What it is
Virut is a Windows file-infecting virus that also turns your PC into part of a botnet. It slips its code into many EXE or SCR files and then connects to attacker-controlled IRC servers to get commands. It changes its look each time (polymorphic), which makes detection and cleaning harder. Basics and examples: https://gridinsoft.com/threats/virut
Why it matters
One Virut hit can corrupt tons of programs, crash Windows, and pull in more malware.

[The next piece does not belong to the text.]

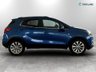 USED 2017 67 VAUXHALL MOKKA X 1.4i Turbo Elite Nav SUV 5dr Petrol Manual Euro 6 (s/s) (140 ps) 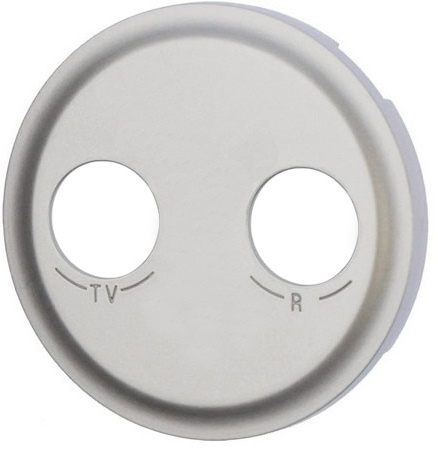 фото Накладка  Legrand 68583 в Омске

For big outbreaks, a full reinstall is often the safest fix.
How it works
-
Infect: runs once, then patches other EXE/SCR files it finds.
-
Spread: jumps via shared folders and USB drives.
-
Control: phones home to IRC to download and run more payloads.
-
Persist: any leftover copy can re-infect cleaned files.
Red flags
-
Many normal apps suddenly won’t start or get flagged as infected.
-
New infections show up after every reboot or scan.
-
Unknown processes sending steady traffic to odd servers.
-
More crashes than usual, BSODs, or broken executables across folders.
Do it right
-
Isolate now: disconnect from the internet and stop using USB drives.
-
Back up personal files only (documents, photos). Do not back up EXE or DLL files.
-
If infections are widespread, reinstall Windows or restore from a clean image.
-
Change passwords from a known-clean device and check accounts for strange logins.
-
After rebuild, update Windows and apps, install reputable anti-malware, and scan any backups before restoring.